Рим, 12 января 1923 года

Квартира семейства Белладонна

Маддадена была на прогулке, когда в гостиную, где у Клелии шел урок, заглянула служанка. Девочка вместе с терпеливой, благодушно настроенной мисс с горем пополам читала по-английски детские стишки. Оторвав глаза от книжки, Клелия с признательностью взглянула на Лизетту. Хотя она неплохо владела английским, необходимость упражняться в нем наводила на нее скуку. Однако Федерико настоял на продолжении занятий, поэтому после рождественских каникул ей нашли учительницу английского, которая жила неподалеку.

– Мисс Эмма, можно мы почитаем что-нибудь другое? – попросила Клелия, воспользовавшись всеобщим замешательством, вызванным появлением Лизетты, которая стояла посреди гостиной с конвертом в руках.

Федерико сначала взглянул на прислугу, затем на Клелию.

– Нет-нет, дорогая, читай дальше, – сказал он тоном, не терпящим возражений.

Девочка удивленно подняла брови, чем сильно развеселила Федерико:

– Вылитая Маддалена – снаружи и внутри. Клелия порой ведет себя точь-в-точь как ее мать, – пояснил он англичанке.

– Синьор Федерико, – позвала Лизетта, – тут письмо вашей жене, написано не по-нашему.

– Дай-ка его мне, – проговорил Федерико, протянув руку за письмом.

Клелия оторвала глаза от книжки и посмотрела на обеспокоенного отца. Затем перевела взгляд на письмо в его руках.

– Папа! – позвала она.

– Солнышко, не отвлекайся. Папа пойдет в кабинет, чтобы посмотреть, о чем пишут маме, хорошо? – ответил он, пытаясь не выказать своего беспокойства.

Затем скорым шагом прошел в кабинет, закрылся и расположился за письменным столом.

Не зная, что предпринять, он нерешительно вертел конверт в руках. Отсутствие Маддалены подстегивало его вскрыть и прочитать послание. Тяжело вздохнув, он опустил письмо в верхний ящик стола, куда складывал интересовавшие его газетные вырезки.
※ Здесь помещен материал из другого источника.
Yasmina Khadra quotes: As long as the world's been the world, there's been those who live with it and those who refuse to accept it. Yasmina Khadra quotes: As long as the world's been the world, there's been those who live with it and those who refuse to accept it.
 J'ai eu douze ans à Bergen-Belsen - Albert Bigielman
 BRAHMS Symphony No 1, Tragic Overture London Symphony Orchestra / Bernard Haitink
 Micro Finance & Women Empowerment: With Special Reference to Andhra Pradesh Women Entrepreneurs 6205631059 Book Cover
Он снова было направился в гостиную, но замер на полпути и обернулся к письменному столу. «Черт побери», – выругался он, сжав кулаки.
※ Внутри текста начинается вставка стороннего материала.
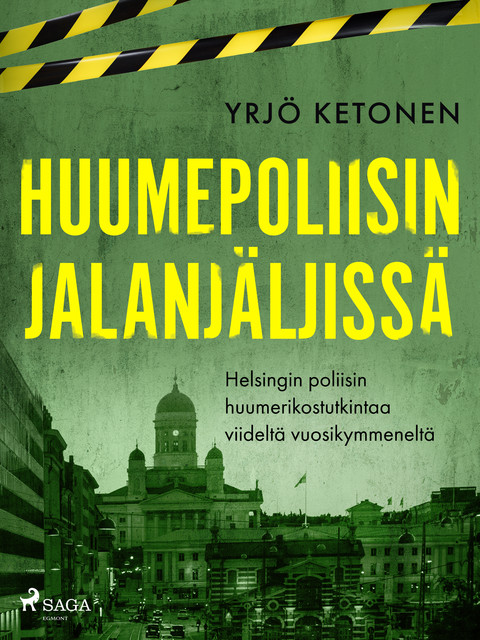 Huumepoliisin jalanjäljissä: Helsingin poliisin huumerikostutkintaa viideltä vuosikymmeneltä, Yrjö Ketonen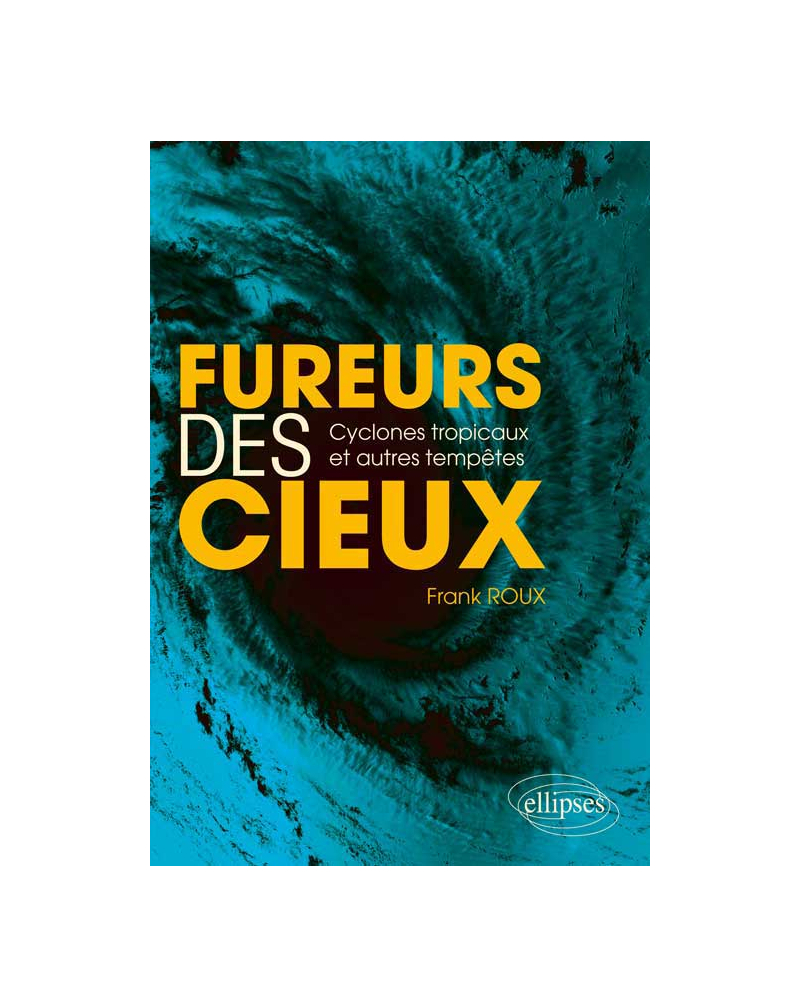 Fureurs des cieux - Cyclones tropicaux et autres tempêtes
Письмо из Лондона могло означать только одно – возвращение Джона Уильяма Годварда. На конверте не значился отправитель, но Федерико не сомневался, что письмо от него. Он вспомнил их последнюю встречу в отеле «Эксельсиор» на виа Венето. Тот день врезался ему в память. Они мило беседовали с князем Колонной в зимнем саду гостиницы. «Эксельсиор» стал излюбленным местом встреч для сливок римского общества, коротавших вечера за чашкой чая. Их беседу прервал консьерж, объявивший, что Федерико дожидается какой-то иностранец.